Wipe tree artifact directories when cancelling a local spawn.
When we enable dynamic execution without sandboxing, the local spawn is
allowed to run until the remote spawn is done executing (only when
--experimental_local_lockfree_output is given) and we are ready to
download its outputs. At that point, we cancel the local spawn and then
proceed to download the remote outputs.
This is fine in the general case but breaks with tree artifacts: the
local spawn may create extra files in the output directory during its
execution (think temporary files) that are deleted immediately by the
spawn itself before exiting. When running remotely, these files never
become part of the tree artifact manifest, but when running locally,
these files will stay behind if the local spawn is interrupted.
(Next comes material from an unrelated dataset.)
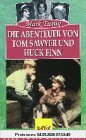 Die Abenteuer von Tom Sawyer und Huckleberry Finn [VHS]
Once
this happens, we fail tree artifact metadata validation later on because
we encounter undeclared files on disk.
To resolve this, clean up any files written by the local spawn as part
of its interrupt.
RELNOTES: None.
PiperOrigin-RevId: 275441715
diff --git a/src/main/java/com/google/devtools/build/lib/exec/local/LocalSpawnRunner.java b/src/main/java/com/google/devtools/build/lib/exec/local/LocalSpawnRunner.java
index 707684e..2bb1676 100644
--- a/src/main/java/com/google/devtools/build/lib/exec/local/LocalSpawnRunner.java
+++ b/src/main/java/com/google/devtools/build/lib/exec/local/LocalSpawnRunner.java
@@ -22,6 +22,7 @@
import com.google.common.base.Preconditions;
import com.google.devtools.build.lib.actions.ActionExecutionMetadata;
import com.google.devtools.build.lib.actions.ActionInput;
+import com.google.devtools.build.lib.actions.Artifact;
import com.google.devtools.build.lib.actions.CommandLines.ParamFileActionInput;
import com.google.devtools.build.lib.actions.ExecException;
import com.google.devtools.build.lib.actions.ResourceManager;
@@ -196,6 +197,12 @@
private State currentState = State.INITIALIZING;
private final Map<State, Long> stateTimes = new EnumMap<>(State.class);
+ /**
+ * If true, the local subprocess has already started, which means we need to clean up the output
+ * tree once we get interrupted.
+ */
+ private boolean needCleanup = false;
+
private final int id;
public SubprocessHandler(Spawn spawn, SpawnExecutionContext context) {
@@ -209,6 +216,12 @@
public SpawnResult run() throws InterruptedException, IOException {
try {
return start();
+ } catch (InterruptedException e) {
+ maybeCleanupOnInterrupt();
+ // Logging the exception causes a lot of noise in builds using the dynamic scheduler, and
+ // the information is not very interesting, so avoid that.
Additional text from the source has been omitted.